Mark Steyn appeared on Hugh Hewitt’s show today. The whole interview is worth reading, but I’ll focus on Steyn’s comment about John McCain. He led off with this:
McCain is deluding himself if he thinks that he is going to get the kind of ride he got in the year 2000. I think if he’s running as the frontrunner, rather than as the insurgent to George W. Bush, I think if he’s the frontrunner, then I think the media are going to point out how old and exhausted and elderly and cranky he seems, and I think he will have a much tougher ride than he did in 2000. . . I think he’s very thin-skinned. . .that is what was clear to me in 2000. I actually regard him as a very unpleasant man, and I don’t say that lightly.
Hugh then asked about McCain’s reported comment (in a Vanity Fair piece) that “I think the [border] fence is least effective, but I’ll build the God (blanked) fence if they want it.” Steyn replied:
[F]rom McCain’s point of view, that sounds great, because the press liked that kind of talk, because it has a kind of cynicism to it, and a contempt for the conservative base. It’s blunt and plain spoken, but not blunt and plain spoken in the service of important truths, but blunt and plain spoken in the service of putting down and insulting and condescending to the conservative base. And that’s why the press likes him. So that line, you know, when he delivers a line like that, you can more or less hear, see the eyes of the Washington Post and New York Times guys light up. That’s what they like about him. I saw him slap down some poor mill worker in northern New Hampshire, in what I thought was a grotesque and offensive and insulting way, and yet the press thought it was great. . . .

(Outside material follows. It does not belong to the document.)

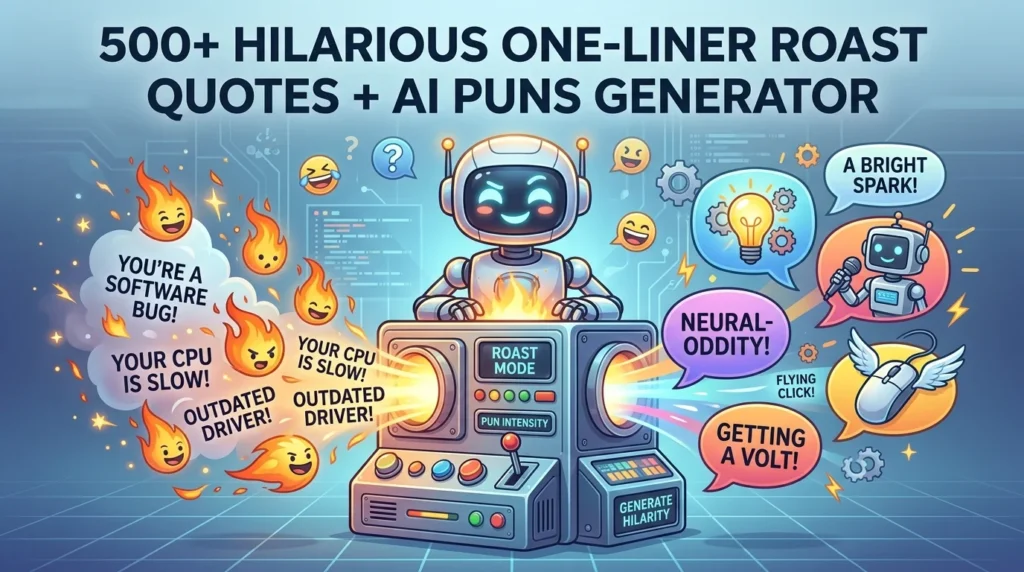 One-Liner Roast Quotes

Here is a guy who was in many ways a conventional, mainstream Republican conservative when he started out. Now, his only political bedrock belief seems to be in his own indispensibility. Everything other than that is negotiable. I don’t think that’s someone who necessarily makes a good candidate.
To me, McCain has two major potential liabilities as a candidate. The first is the one Steyn points to, albeit too harshly. He may be too thin-skinned and, frankly, too old and cranky to make it through almost two years of campaigning, and the criticism that goes with it, without causing many otherwise receptive voters to come to something approaching Steyn’s view of his personality.
Second, McCain has staked out the most hawkish available territory with respect to Iraq. Although I don’t share his enthusiasm for a troop surge, I give him some credit for taking this unpopular position. But unless a surge takes place and proves successful, McCain’s straight, against-the-grain talk on this vital issue could, by 2008, make it extremely difficult for him to win the general election.
JOHN dissents in part: I agree with all of the above, except I think there is one other favorable, and more likely, option with respect to Iraq: that is, that the surge doesn’t take place at all. In that event, McCain will retain his hawkish credibility but will have no failure to account for. If our Iraq venture is deemed relatively successful by the summer of 2008, McCain will only get credit for having advocated a stronger effort. And if we are perceived, by then, as having failed, McCain can say, if only…
PAUL replies: John is right about the scenario in which we “stay the course” and succeed, but I’m not convinced he’s right about the scenario in which we stay the course and fail. Today most voters do not favor increasing our troop strength in Iraq. I’d be surprised if more than one-third of the electorate favors a surge. If we continue on the same path we’re on now without success, the fraction favorably disposed to a surge (even in retrospect) is unlikely to increase, and might well drop. When something is unpopular, advocating more of it is risky, whether the advice is followed or not.